The first one is the "chavvy" weed smokers, there are the kinda ones that hang around town centres, most of this group smoke it because they think its cool and most of their friends do it. Most weed smokers up until age 15 are in this group. Sadly this group tend to be the ones who get into trouble.

The second is the stoners, these are typically in year 11 or above. This is the stereotypical hippy kinda group this sums them up pretty well. However some of this group manage to do very well in college work somehow whilst getting stoned every weekend :0 . Some of the nicest people I have ever met have fallen into this group.

The third is the occasional smokers, which a surprising amount of teens fall into (I would say about 45% of a high performing sixth form), when out with mates or at a party they may pass round a couple of joints. Once again you only really get this group in year 11 and above. Most of this group are typically intelligent and liberals and will actually smoke weed responsibly and won't let it effect their education/job (However the law still punishes them for it, but that's for another day's post ;) )

If your son is in the first group then you will have more of a problem since he is probably smoking weed because its cool and to follow a crowd, rather than "choosing" to smoke it, and thus is hard to discuss reasons with him because he doesn't really have any.

If he is the second group then I would only really get too involved if it is effecting his college/school/job, chat to him about it and the risk, however I wouldn't start laying the law down otherwise he might start rebelling more.

If he is in the third group (which is doesn't sound like sadly) then I would leave it (unless it effects school/work as above) as he isn't doing anything abnormal.

In short the gist of what I'm saying is that not all teenagers who smoke weed are bad, so before you go in hammer and fist take a step back and think is the weed actually effecting the rest of their lives. If not then they are probably like 40% of people that age and thus punishing will probably do very little

My reasoning for the above comes from the fact that I know/have known people in all three groups (luckily less of the first group now) and have transversed many friendship groups since year 10 (including for a while some chavs including one who is currently going through the court process for posssesion with intent to supply cannabis) and thus seen pretty much all points of view on smoking weed that teenagers have and witnessed its effects on people (Which to be honest I have never seen it effect anyone badly apart from the first group)

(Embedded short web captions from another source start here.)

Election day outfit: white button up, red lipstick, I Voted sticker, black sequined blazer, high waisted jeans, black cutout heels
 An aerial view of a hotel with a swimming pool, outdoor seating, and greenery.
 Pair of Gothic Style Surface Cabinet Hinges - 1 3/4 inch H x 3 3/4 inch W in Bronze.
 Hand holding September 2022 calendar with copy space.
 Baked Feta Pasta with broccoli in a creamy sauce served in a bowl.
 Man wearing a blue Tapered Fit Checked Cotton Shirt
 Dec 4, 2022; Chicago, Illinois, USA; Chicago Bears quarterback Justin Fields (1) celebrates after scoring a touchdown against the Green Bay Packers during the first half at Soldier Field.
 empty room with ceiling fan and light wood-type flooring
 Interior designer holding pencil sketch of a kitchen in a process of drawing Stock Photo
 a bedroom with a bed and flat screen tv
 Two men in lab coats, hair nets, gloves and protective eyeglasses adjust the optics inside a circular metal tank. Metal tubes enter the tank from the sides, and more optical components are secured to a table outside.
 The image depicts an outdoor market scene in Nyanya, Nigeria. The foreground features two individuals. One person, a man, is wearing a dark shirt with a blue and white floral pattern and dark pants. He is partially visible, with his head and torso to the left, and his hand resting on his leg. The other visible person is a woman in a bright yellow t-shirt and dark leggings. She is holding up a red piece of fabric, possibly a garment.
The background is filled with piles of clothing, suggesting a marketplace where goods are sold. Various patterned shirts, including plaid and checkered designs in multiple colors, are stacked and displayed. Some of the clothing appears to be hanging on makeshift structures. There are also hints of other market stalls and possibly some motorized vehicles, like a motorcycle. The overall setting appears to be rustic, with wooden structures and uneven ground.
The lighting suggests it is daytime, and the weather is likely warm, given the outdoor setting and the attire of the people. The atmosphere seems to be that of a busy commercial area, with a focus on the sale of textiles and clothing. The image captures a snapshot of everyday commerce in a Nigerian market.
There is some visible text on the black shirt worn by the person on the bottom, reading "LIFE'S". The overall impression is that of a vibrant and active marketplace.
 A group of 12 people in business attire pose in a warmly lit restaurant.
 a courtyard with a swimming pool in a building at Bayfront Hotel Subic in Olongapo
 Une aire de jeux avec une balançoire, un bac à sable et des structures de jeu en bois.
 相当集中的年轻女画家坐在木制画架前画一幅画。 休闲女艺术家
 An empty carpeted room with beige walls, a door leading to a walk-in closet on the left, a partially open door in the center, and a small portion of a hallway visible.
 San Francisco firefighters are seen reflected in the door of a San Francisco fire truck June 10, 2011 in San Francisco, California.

(If your wondering I'm a 17 year old guy)

hilary2012 Mon 11-Nov-13 18:13:05

Thanks for posts; especially from Luke - good to get an insight from someone your age. He is definitely not a 'stoner', and not an 'occasional' I fear...he seems to go to 'parties/sleepovers' at the weekends and hangs around with older (16/17) year olds) kids. He does not see that there is a problem at all as 'all' his crowd are doing it. I believe they have tried MDMA from texts I have seen - "I'm on MD at the mo" to one of his friends???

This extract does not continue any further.